A faithful, picture-free copy of the listing below is required.

DATA EXCERPT:
+===+
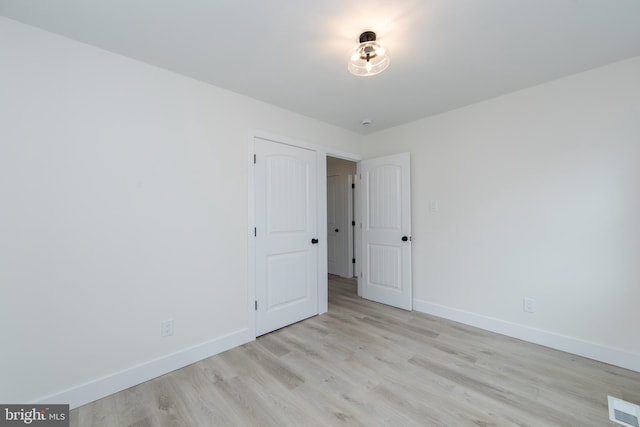 empty room featuring visible vents, light wood-style floors, and baseboards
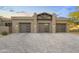 A spacious three car garage with brick pavers adds curb appeal to this home at 29599 N 106Th Pl, Scottsdale, AZ 85262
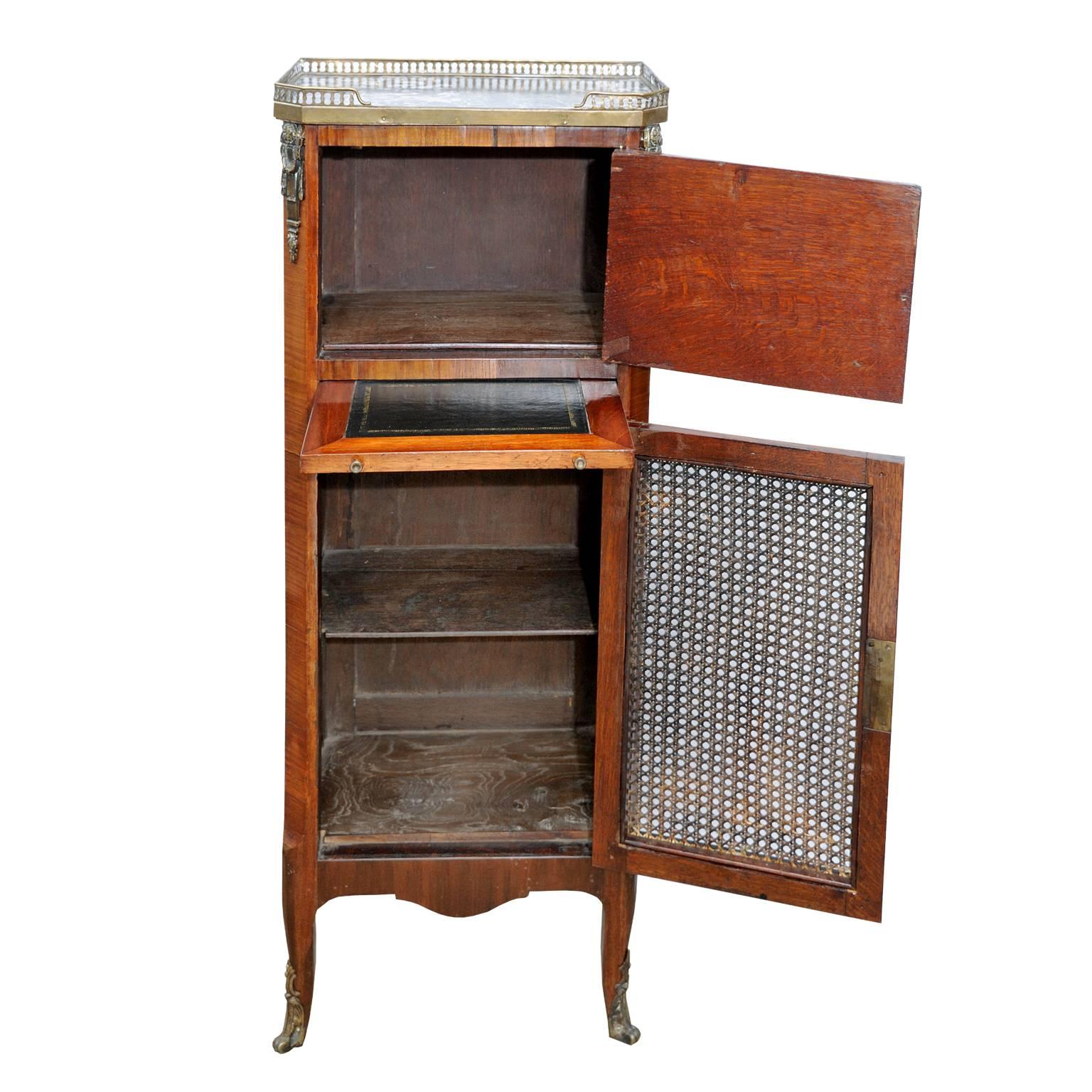 This is a rather lovely French 19th century Louis XVI style small rosewood secretaire with a marble top and brass gallery, with pull-out tooled black leather writing slide.

The top door has been finished with faux leather book spines and the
+===+
YOUR RESPONSE:
 empty room featuring visible vents, light wood-style floors, and baseboards
 A spacious three car garage with brick pavers adds curb appeal to this home at 29599 N 106Th Pl, Scottsdale, AZ 85262
 This is a rather lovely French 19th century Louis XVI style small rosewood secretaire with a marble top and brass gallery, with pull-out tooled black leather writing slide.

The top door has been finished with faux leather book spines and the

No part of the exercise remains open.